Hz. Ali diyor ki, iman dört direk üzerine oturur. Bunlardan biri sabırdır. Sabrın da dört şubesi vardır: Arzu, korku, zühd ve gözetme. Cenneti arzulayan şehvetlerini sınırlasın. Ateşten korkan haramlardan yüz çevirsin. Zühd sahibi olana musibetler kolay ve hafif gelir. Ölümü gözeten de hayır yapmakta acele eder. (nak. A. Ünal, K. Temel Kavramlar, 489)
Nefsin boyunduruğundan ve esaretinden kurtulup özgür olmanın sonuçlarından ve meyvelerinden biri de sabırlı olmaktır. Bu anlamda ‘sabır’, hürriyeti elde etmede en önemli etkendir. Kişi sabrı sayesinde kötü şartlara, nefsin insanı zillete düşüren isteklerine direnir ve özgürlüğünü kazanır. Cafer Sadık’ın (r.a.) şöyle dediği rivayet edilmektedir: “Özgür kişi her haliyle özgürdür. Başına musibet gelirse sabreder, musibetler üstüne sel gibi aksa yine de onu yenilgiye uğratamaz. Ama sabretmezse, kahırlı olur ve kolaylıklar güçlüğe dönüşür. Nitekim Yusuf (a.s.)'un köleleştirilmesi, esir edilmesi ve kahra uğraması onun özgürlüğüne gölge düşürmedi. Ne kuyunun karanlığı ona bir zarar verebildi, ne de başına gelen diğer musibetler. Derken Allah (c.c.) ona lütûfta bulundu ve yönetici yapıp ona zulmedenleri kendine hizmetçi etti. Sonra da peygamber yaptı ve onun sayesinde bir ümmete rahmette bulundu. İşte sabır bu şekilde ardından hayır getirir. Şu halde sabredin ve sabırla donanın ki ecre ulaşasınız.” (nak. Kırk Hadis Şerhi, 1/317)
Allah’ın güzel isimlerinden biri de ‘Sabûr’dur. Çok sabreden anlamındadır. Şüphesiz Allah’ın sabrı insanların sabrıyla kıyas edilemeyecek şekilde farklıdır.

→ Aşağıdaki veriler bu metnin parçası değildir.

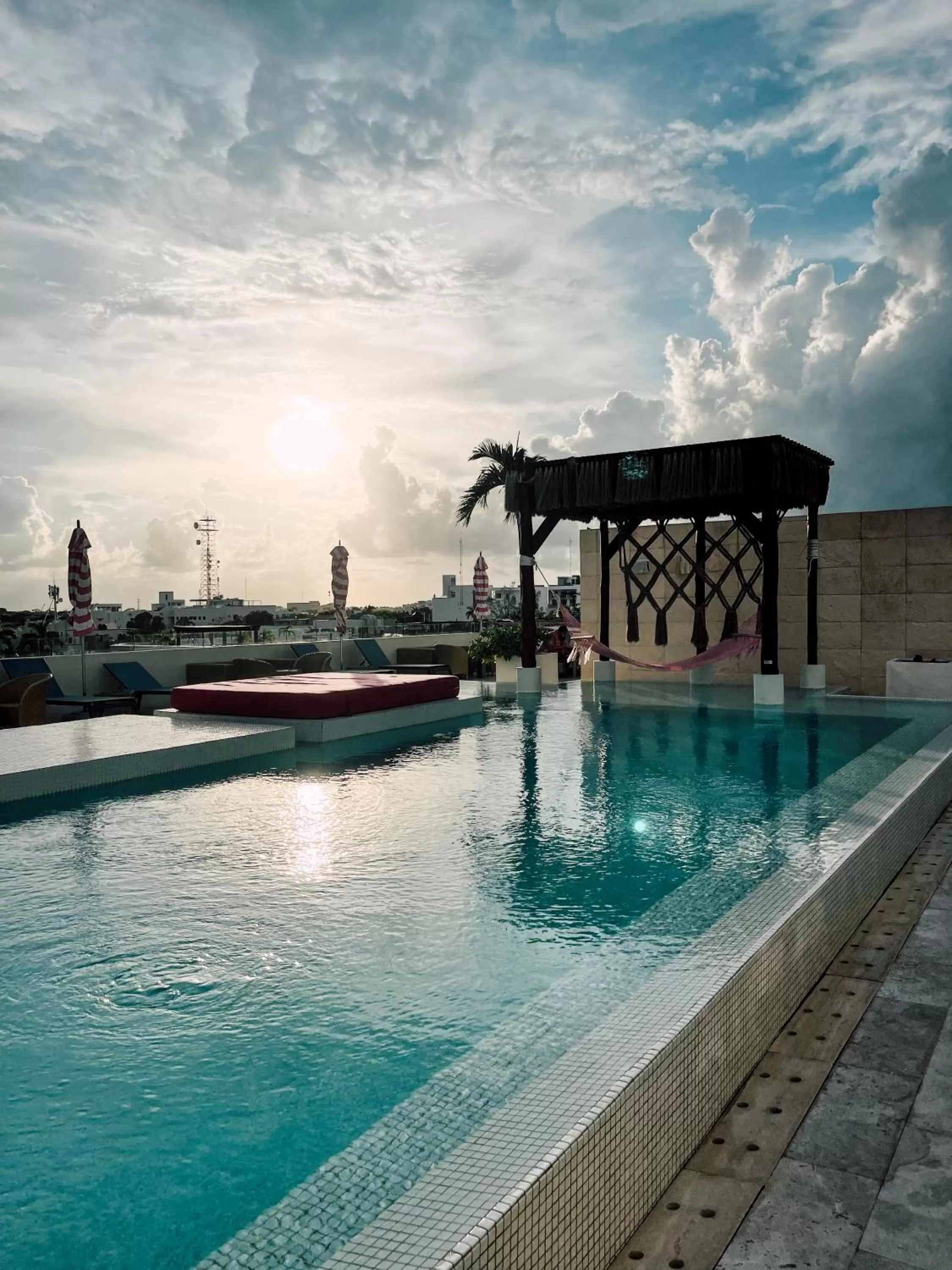 Swimming pool in Hotel The Palm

Rabbimiz, kullarının bütün isyan ve tuğyanlarını bildiği ve gördüğü halde onlara hemen ceza vermiyor, cezalarını âhirete erteliyor ve onlara nimetlerini vermeye devam ediyor. (1)
Kur’an’da Sabır
Sabır Kur’an’da 104 yerde zikredilir.
"Sabır ve namazla (Allah'tan yardım dileyin." (2/Bakara, 45)

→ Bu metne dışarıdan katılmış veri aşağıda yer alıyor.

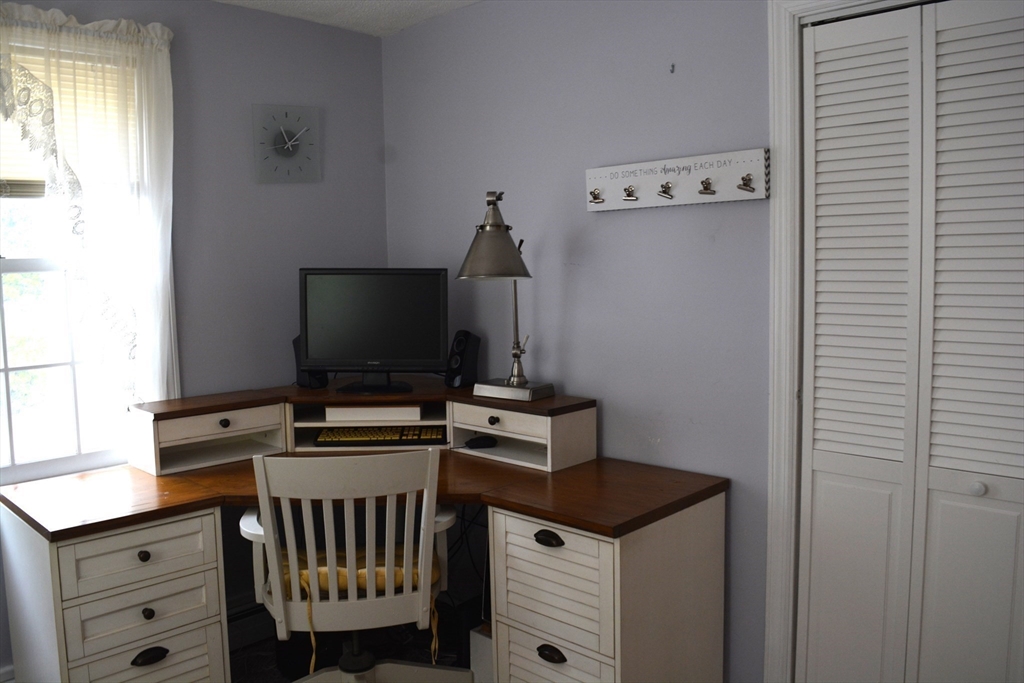 20 Exeter Street West Springfield, MA 01089 - Photo 23 of 42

"Ey iman edenler, sabır ve namazla (Allah'tan) yardım dileyin. Allah sabredenlerle beraberdir." (2/Bakara, 153) Bu âyetlerle Allah sabrı emretmektedir.
"Ey iman edenler, sabredin, direnin, savaşa hazırlıklı olun, uyanık bulunun." (3/Âl-i İmran, 200)
"Sabredenleri, doğru olanları, huzurunda gönülden boyun büküp divan duranları, Allah için mallarını harcayanları ve seherlerde istiğfar edenleri (Allah görmektedir)." (3/Âl-i İmran, 117) Bu âyetler ve benzerleriyle sabredenleri Allah övmektedir.
"Allah sabredenlerle beraberdir." (2/Bakara, 153, 259; 8/Enfâl, 46, 66) ve benzeri âyetlerle Allah sabredenleri sevdiğini, onlarla beraber olduğunu bildirmektedir.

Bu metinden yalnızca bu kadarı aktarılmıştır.